Each denomination of the new series of Australian dollar banknotes will feature a different species of Australian wattle and a native bird within a number of the security features. On the $100 banknote, these are the Golden Wattle (Acacia pycnantha) and the Masked Owl.
Portrait of Dame Nellie Melba
This portrait of Dame Nellie Melba, an internationally renowned soprano, is drawn from a photograph in Melba: A Biography published in 1909, written by Agnes G. Murphy.
Melba as Rosina Fhoto
The image is a photograph of Dame Nellie Melba in costume as Rosina in Rossini's Barber of Seville. It was taken by Leopold Emile Reutlinger in 1896. The music score is a small section of Puccini's La Bohème.
Source: Lilydale & District Historical Society.
The monogram is from the cover of Melba's homecoming concert tour programme in 1902.
Source: Australian Performing Arts Collection, Arts Centre Melbourne.
Portrait of Sir John Monash
This portrait of Sir John Monash is drawn from a photograph taken in 1912 currently held by the National Library of Australia.
Source: Papers of Sir John Monash, National Library of Australia, MS1884, Series 15, Box 237.
Shrine of Remembrance
The Shrine of Remembrance represents Monash's distinguished military service and his support of veterans following the end of the First World War. Red poppies are often used to signify remembrance.
The Fyansford Bridge represents Sir John Monash's legacy as an engineer. It was built by Monash & Anderson, a partnership between Monash and Mr J.T. Noble Anderson. The bridge was opened to the public in 1900.
Source: Pictures Collection, State Library Victoria.
Security features can help you to tell if a new Australian one-hundred dollar note is fake or real.
Look for multiple security features in the clear top-to-bottom window. The window should be an integral part of the banknote and not an addition. Check that the security features in the window cannot be easily rubbed off.
Tilt the banknote to see a three-dimensional fan with colourful lines.
Tilt the banknote to see colours change within the owl's wings.

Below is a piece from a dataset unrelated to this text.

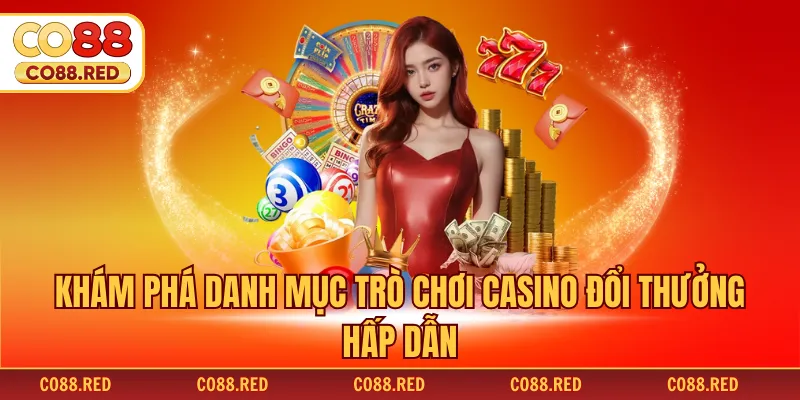 Khám phá danh mục trò chơi casino đổi thưởng hấp dẫn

Tilt the banknote to see the number ‘100’ change direction within the Shrine of Remembrance.
Fan clear window
Look for a fan in a small clear window.
Rolling colour effect
On the reverse of the Australian one-hundred dollar note in the top-right corner you will see a rolling colour effect, which is visible on both sides of the banknote.
On the obverse of banknote you will see a rolling colour effect, which is visible on both sides of the banknote.

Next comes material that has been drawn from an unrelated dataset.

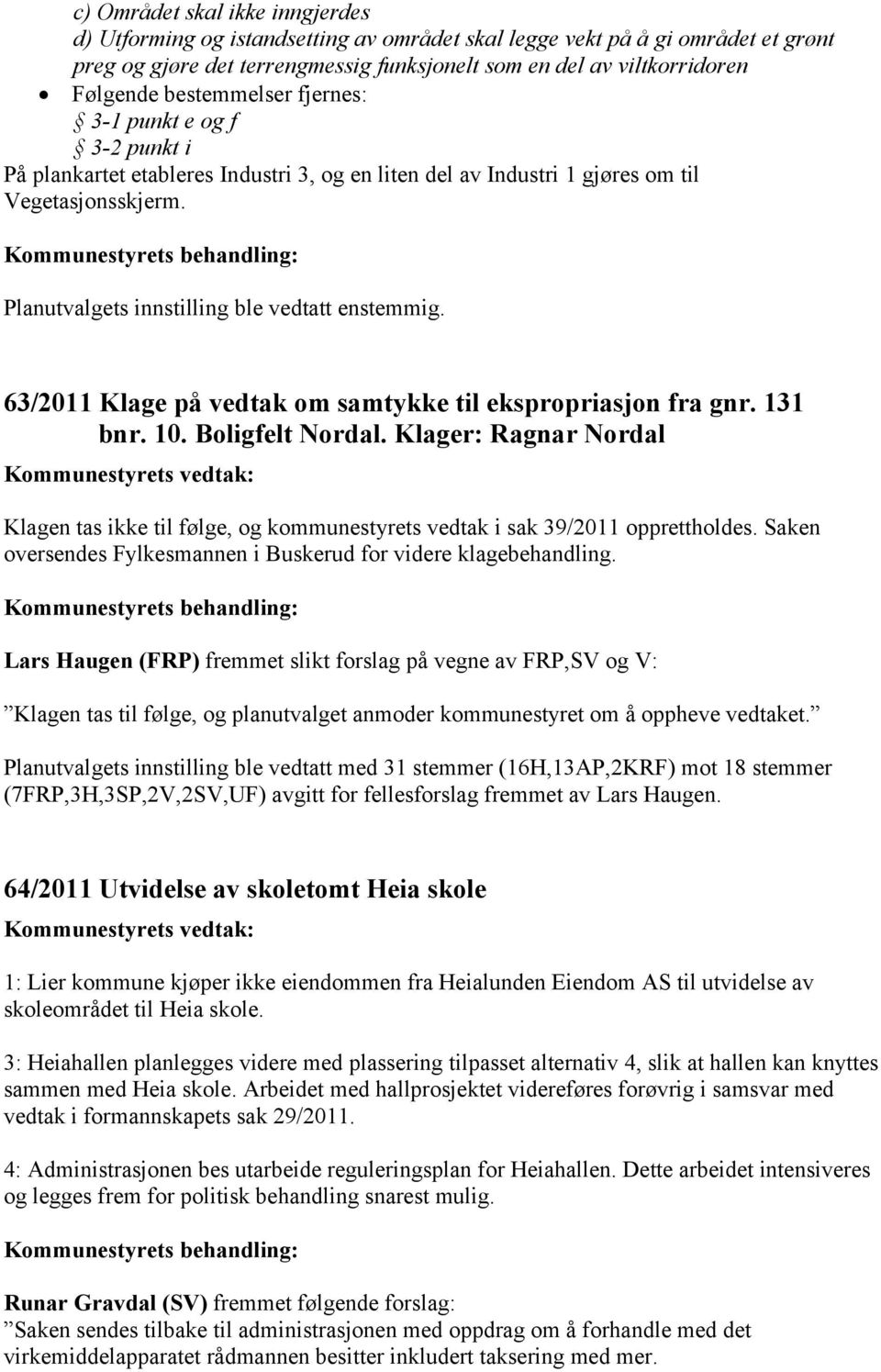 63/2011 Klage på vedtak om samtykke til ekspropriasjon fra gnr. 131 bnr. 10. Boligfelt Nordal. Klager: Ragnar Nordal Klagen tas ikke til følge, og kommunestyrets vedtak i sak 39/2011 opprettholdes.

Feel the distinctive texture of the raised, dark printing.
Feel for five raised bumps on each of the long edges of the banknote.

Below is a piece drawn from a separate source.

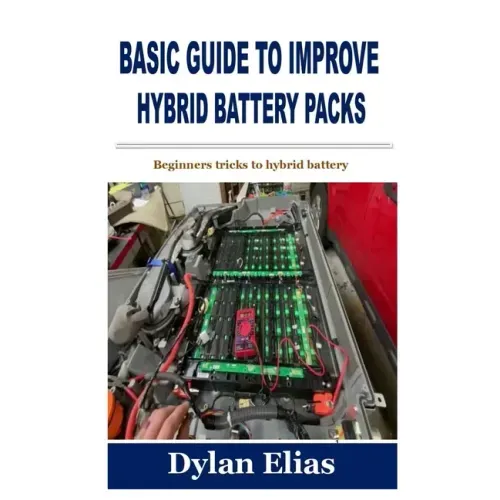 Basic Guide to Improve Hybrid Battery Packs: Beginners tricks to hybrid battery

Look for tiny, clearly defined text in multiple locations on the banknote. This includes an excerpt from Melba's autobiography Melodies and Memories.
Under UV light
On the obverse of banknote you will see an owl and wattle branch that fluoresce under UV light. On the reverse of the Australian one-hundred dollar note you will see a serial number and year of print that fluoresce under UV light.